The museum’s programming is consistently ambitious, as is evident by its upcoming schedule: two significant exhibitions are opening on September 18. “The Imagined Word” showcases Puerto Rican postmodern artist Rafael Trelles who masterfully intertwines poignant literary references into his enchanting drawings, vividly capturing the viewer’s imagination while “Gallardo/Budoff: Growth, Breadth, and Terrain” also features artists with ties to the island territory. Artist Frances Gallardo’s poetic, lace-like paper formations—referencing environmental imagery and natural phenomena—exist in dialogue with Nathan Budoff’s precise, vibrant oil- and ink-based paintings.

Rendering of the forthcoming Rollins Museum of Art, opening 2023.

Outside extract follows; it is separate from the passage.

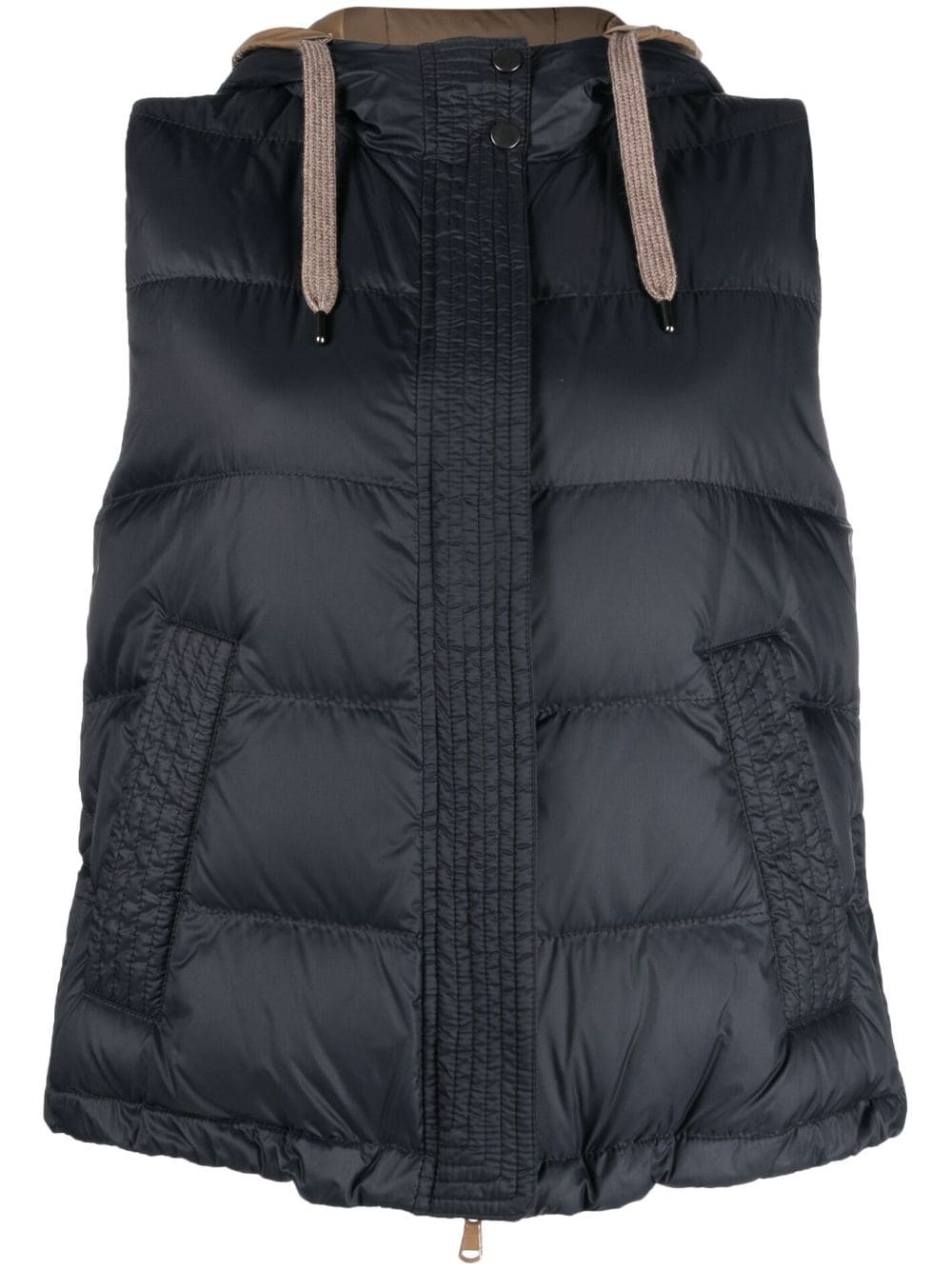 Brunello Cucinelli Quilted Down Hooded Nylon Vest Blue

The institution also serves as a platform for emerging artists. During this past academic year, Bronx and Fort Myers, Florida-based artist Marcus Jansen mounted his first museum retrospective there, titled “E Pluribus Unum.” Jansen’s mixed media works exist in the multifarious space between street graffiti and fine art. He utilises vibrant colors and expressive brushstrokes to present a visceral depiction of the war zones he experienced when serving for the United States armed forces. While the future Rollins Museum of Art offers a quality selection of American art, in recent years Heller has also facilitated the museum’s international presence by hosting “Towards Impressionism” from the Musée des Beaux-Arts in Reims, France and organizing “In the Light of Naples” with loans from Italy.

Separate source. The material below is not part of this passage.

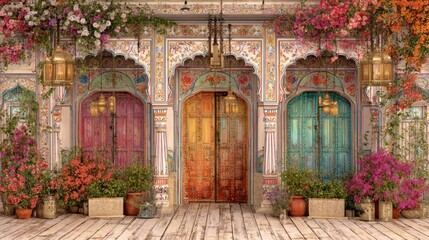 Fototapeta premium Ornate building facade with three colorful doorways and hanging lanterns, covered in vines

Along with an earnest range of museum programming, the collection itself is host to female artists practicing various techniques. Acquisitions range from early American photographer Imogen Cunningham’s image Pentimento (1973) of transcendental artist Morris Graves to an evocative watercolour Untitled: Two Women (1935) by Marie Laurencin, a regular attendee of Gertrude Stein’s Parisian avant-garde salon. Additional holdings include Bloomsbury member and sister to Virginia Woolf, British artist Vanessa Bell’s harsh yet cunning painting Portrait of Mary St John Hutchinson (1915) and Julie Mehretu’s Epigraph, Damascus (2016), a sprawling six-part photogravure/etching incorporating fragmented architectural elements of structures from the capital of Syria.

Frances Gallardo, Carmen, 2011. Private Collection, Miami, FL. © Frances Gallardo.

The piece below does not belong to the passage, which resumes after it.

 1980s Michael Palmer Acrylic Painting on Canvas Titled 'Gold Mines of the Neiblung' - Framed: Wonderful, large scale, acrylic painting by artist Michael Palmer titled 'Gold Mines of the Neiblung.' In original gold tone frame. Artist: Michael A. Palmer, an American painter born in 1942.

A continuation of the museum’s dedication to the public enjoyment of art is its affiliation with The Alfond Inn, which serves as an extension of its exhibition space and feature artworks from the collection throughout the interior. Under Heller’s tenure, the museum & Inn work together to provide guided tours for the local community, inciting a dynamic dialogue around social engagement, activism and environmentalism.

Attentiveness to diversity and underrepresented artists, along with a passion for bringing art into the community, has resulted in the transformation of an academic art museum that excels on many levels. With the impending expansion of the Cornell Fine Arts Museum, Heller and her team will have a greater capacity to showcase their ever-evolving collection of works that excite both the art historian and the enthusiast.